Take the filibuster. For much of the Bush administration, out-of-power Democratic senators defended it as a hallowed tradition of American politics. But as the ruling majority, they will soon probably redefine the filibuster as a sort of nihilism practiced by bitter Republicans to obstruct the Obama agenda. Of course, when in power, Republicans themselves once deplored the filibuster as fossilized obstructionism.
Remember all the trouble President Bush has had with court appointments? The Senate Democrats for the last eight years stalled confirmation hearings, denying the president the traditional prerogative of selecting qualified jurists who shared his philosophy.
Much to these same Democrats' dismay, beleaguered Senate minority Republicans may soon agree with the past use of such roadblocks and learn to impede simple up-and-down votes on judicial nominees. To them, such tactics will be reinvented as necessary to stop Obama-appointed liberal judges from flooding the courts.
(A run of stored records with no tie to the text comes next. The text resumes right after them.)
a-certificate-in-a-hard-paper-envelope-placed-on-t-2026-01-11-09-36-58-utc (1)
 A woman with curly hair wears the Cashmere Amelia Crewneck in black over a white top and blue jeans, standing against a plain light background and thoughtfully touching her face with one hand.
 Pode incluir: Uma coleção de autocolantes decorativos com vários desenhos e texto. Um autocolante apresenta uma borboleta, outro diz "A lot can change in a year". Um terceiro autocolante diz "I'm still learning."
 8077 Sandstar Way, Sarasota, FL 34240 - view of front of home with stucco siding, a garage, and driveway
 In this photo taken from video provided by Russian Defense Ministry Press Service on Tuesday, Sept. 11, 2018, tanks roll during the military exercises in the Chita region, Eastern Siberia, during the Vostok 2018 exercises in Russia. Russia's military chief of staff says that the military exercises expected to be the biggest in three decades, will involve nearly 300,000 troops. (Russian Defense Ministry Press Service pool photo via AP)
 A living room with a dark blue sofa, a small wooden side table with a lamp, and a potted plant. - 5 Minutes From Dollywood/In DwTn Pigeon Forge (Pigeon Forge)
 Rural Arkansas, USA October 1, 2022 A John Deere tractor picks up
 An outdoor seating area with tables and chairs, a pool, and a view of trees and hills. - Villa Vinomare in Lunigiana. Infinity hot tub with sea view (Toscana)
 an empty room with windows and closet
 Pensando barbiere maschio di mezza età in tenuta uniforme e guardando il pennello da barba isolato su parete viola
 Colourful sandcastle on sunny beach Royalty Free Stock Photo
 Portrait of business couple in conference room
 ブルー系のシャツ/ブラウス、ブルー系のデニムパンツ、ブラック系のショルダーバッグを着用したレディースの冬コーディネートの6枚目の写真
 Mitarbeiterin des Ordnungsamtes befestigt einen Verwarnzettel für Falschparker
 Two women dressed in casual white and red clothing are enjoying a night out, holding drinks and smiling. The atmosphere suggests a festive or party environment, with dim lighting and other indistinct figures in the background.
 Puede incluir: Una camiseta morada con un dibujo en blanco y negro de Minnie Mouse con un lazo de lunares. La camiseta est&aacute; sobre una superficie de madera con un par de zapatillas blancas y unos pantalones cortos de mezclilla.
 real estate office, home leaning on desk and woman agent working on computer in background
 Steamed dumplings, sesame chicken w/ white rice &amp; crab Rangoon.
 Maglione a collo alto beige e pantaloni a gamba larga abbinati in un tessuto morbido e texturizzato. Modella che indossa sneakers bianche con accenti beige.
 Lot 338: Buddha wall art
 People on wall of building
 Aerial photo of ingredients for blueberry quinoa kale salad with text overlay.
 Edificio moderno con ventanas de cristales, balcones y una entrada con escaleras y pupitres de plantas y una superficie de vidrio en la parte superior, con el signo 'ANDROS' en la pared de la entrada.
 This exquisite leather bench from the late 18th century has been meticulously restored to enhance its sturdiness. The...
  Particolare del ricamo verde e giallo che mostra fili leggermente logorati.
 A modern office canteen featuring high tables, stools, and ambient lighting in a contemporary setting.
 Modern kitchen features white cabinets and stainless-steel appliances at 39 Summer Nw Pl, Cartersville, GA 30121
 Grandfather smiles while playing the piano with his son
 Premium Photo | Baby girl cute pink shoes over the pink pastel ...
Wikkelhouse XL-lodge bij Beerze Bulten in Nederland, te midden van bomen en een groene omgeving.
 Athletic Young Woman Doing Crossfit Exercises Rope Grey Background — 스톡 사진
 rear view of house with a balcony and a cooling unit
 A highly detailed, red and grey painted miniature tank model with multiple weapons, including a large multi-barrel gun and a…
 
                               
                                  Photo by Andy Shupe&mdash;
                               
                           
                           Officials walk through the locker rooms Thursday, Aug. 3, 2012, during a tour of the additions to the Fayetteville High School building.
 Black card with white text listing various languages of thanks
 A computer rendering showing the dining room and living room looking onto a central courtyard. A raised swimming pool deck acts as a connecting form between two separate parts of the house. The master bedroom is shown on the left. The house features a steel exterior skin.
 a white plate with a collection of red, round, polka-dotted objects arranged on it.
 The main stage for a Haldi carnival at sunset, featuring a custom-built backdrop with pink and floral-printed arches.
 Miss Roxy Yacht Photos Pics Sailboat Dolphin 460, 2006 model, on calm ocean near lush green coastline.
Recently, Democrats called for unity and an end to the politics of personal destruction against our new, shared President-elect Obama.
So let us hope that New York publishers will now refrain from publishing any more foul novels like Nicholson Baker's "Checkpoint," whose characters debate the wisdom of assassinating George W. Bush.
Let us also hope that when Barack Obama is nearing the end of his term, filmmaker Oliver Stone does not offer the electorate a damning mythic film called "H" that emphasizes the wild college days of President Barack H. Obama when, decades ago, as he freely admits, he used both hard drugs and marijuana.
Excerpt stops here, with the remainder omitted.